25. In the improvement of claim 10, comprising fastener means for separably securing said panels to each other.

26. In the improvement of claim 25, wherein the distance between said supporting portion and said other panel approximates 8 mm while said panels are fastened to each other.

27. In the improvement of claim 25, wherein said panels have respective first sides which cooperate to define said face and respective second sides located adjacent said device, said panels also having respective marginal portions which are located adjacent one another and are secured to each other by said fastener means.

28. In the improvement of claim 27, wherein said panels have reinforcing skirts provided at said marginal portions thereof and extending beyond said second sides of the respective panels, said skirts having registering openings and said fastener means comprising bolts extending through said registering openings.

29. In the improvement of claim 27, wherein said marginal portions have reinforcing elements extending beyond said second sides of said panels and said fastener means separably connects such elements to each other.

30. In the improvement of claim 27, wherein said marginal portion of said other panel has a reinforcing skirt extending beyond said second side thereof, said second sides constituting the undersides of said panels and said supporting portion having a socket disposed below said skirt, said skirt having a predetermined thickness and said socket having a width at least slightly exceeding said thickness.

31. In the improvement of claim 27, wherein said other panel comprises a reinforcing element extending a predetermined first distance beyond said first side of said other panel and further extending beyond said second side of said other panel and overlying said supporting portion, the distance between said supporting unit and said reinforcing element exceeding said predetermined distance.

32. In the improvement of claim 27, wherein said marginal portions abut against each other in a predetermined plane and said supporting portion has a socket aligned with said marginal portion of said other panel as well as a camming portion adjacent to said socket, said socket being disposed between said camming portion and said mounting unit and said camming portion defining a pivot axis for said other panel subsequent to movement of said marginal portion of said other panel into said socket upon separation of said panels from each other.

33. In the improvement of claim 32, wherein said second sides are the undersides of said panels and said socket has an end located in substantial alignment with said predetermined plane.

34. In the improvement of claim 32, wherein said camming portion has a cam face for said other panel.

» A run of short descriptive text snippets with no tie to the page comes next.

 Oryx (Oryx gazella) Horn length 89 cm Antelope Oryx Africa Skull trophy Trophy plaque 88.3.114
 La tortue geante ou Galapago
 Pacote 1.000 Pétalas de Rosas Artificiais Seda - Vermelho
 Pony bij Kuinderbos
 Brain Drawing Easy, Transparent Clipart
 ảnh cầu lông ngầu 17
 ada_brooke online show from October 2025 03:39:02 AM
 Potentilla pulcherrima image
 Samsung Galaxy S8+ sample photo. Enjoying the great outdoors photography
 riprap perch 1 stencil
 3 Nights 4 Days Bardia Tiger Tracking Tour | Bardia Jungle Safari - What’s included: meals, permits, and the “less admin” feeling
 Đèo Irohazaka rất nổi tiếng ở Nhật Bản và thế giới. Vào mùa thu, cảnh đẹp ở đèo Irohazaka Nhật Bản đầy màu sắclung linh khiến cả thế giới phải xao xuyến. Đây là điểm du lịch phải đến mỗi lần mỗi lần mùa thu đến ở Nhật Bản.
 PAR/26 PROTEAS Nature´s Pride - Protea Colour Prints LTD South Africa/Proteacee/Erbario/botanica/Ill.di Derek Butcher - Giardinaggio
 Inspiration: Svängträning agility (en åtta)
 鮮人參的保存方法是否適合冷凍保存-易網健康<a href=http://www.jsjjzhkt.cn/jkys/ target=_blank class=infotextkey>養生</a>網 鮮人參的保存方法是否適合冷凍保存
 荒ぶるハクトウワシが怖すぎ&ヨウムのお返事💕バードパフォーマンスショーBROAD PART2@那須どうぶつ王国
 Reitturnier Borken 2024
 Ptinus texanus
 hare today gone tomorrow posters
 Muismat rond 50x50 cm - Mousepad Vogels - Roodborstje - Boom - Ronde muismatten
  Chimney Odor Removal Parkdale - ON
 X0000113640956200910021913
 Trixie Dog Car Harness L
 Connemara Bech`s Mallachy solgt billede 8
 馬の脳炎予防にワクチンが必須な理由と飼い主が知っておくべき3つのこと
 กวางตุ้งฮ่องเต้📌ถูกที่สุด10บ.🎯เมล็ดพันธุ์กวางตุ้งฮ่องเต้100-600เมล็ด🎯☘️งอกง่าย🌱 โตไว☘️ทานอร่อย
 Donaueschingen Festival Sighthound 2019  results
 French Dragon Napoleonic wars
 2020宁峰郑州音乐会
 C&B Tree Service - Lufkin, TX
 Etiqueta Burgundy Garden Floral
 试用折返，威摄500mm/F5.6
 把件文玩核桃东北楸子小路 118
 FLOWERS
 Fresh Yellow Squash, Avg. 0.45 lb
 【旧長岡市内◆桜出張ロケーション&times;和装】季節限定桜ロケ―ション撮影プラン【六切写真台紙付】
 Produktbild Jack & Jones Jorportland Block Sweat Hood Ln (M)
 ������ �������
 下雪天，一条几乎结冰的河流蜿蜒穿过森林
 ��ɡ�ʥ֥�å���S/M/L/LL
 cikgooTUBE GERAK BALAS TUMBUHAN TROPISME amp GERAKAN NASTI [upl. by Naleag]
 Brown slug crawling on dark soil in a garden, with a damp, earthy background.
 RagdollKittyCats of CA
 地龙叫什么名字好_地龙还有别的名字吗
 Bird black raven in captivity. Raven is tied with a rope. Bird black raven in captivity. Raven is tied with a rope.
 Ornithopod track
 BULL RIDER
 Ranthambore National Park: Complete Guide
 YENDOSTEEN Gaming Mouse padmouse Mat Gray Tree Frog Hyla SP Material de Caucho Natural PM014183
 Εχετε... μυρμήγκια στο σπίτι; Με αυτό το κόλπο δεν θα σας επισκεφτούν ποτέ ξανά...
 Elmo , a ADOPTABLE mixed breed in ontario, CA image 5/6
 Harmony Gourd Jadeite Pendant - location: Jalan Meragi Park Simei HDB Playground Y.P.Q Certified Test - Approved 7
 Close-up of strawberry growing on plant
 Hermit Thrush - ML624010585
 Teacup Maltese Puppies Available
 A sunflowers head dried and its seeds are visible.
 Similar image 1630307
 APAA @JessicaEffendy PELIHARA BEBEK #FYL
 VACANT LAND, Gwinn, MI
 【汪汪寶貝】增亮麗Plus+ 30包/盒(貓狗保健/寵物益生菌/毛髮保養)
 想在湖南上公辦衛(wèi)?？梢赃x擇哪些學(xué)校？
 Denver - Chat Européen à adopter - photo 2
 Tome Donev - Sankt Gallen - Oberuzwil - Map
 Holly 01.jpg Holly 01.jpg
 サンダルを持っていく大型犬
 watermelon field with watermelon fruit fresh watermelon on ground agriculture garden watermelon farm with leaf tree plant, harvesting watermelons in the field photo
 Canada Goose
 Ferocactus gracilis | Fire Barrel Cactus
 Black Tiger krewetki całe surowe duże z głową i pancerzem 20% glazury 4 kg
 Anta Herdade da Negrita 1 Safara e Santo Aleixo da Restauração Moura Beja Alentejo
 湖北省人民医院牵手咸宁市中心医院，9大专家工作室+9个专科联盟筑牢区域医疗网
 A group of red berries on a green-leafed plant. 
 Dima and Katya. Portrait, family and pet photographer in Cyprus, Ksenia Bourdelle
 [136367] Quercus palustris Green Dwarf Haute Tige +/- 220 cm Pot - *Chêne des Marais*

35. In the improvement of claim 34, wherein said cam face includes a plurality of mutually inclined portions.

36. In the improvement of claim 35, wherein said mutually inclined portions include a relatively steep first portion immediately adjacent to said socket and at least one less steeply inclined second portion adjacent to said first portion.

37. In the improvement of claim 27, wherein said connecting means is designed to separably connect said mounting portion to said one panel.

38. In the improvement of claim 37, wherein said one panel has an opening and said connecting means comprises a bolt extending into said opening.

39. In the improvement of claim 38, wherein said second sides are the undersides of said panels and said one panel comprises a reinforcing rib having a portion adjacent to said marginal portion of said one panel, said opening being provided in said rib, said other panel having a reinforcing element provided at the respective marginal portion and extending downwardly beyond said second side of said other panel, said reinforcing element having an edge face remote from said second side of said other panel and being spaced apart from said supporting portion of said dismantling device while said panels are connected to each other.

40. In the improvement of claim 39, wherein said mounting portion comprises carrier means extending in substantial parallelism with said rib and an arm rigid with said carrier means and adjacent to said rib, said bolt being provided on said arm and said opening being provided in said rib.

41. In the improvement of claim 40, wherein said bolt is rotatably mounted in and is permanently secured to said arm.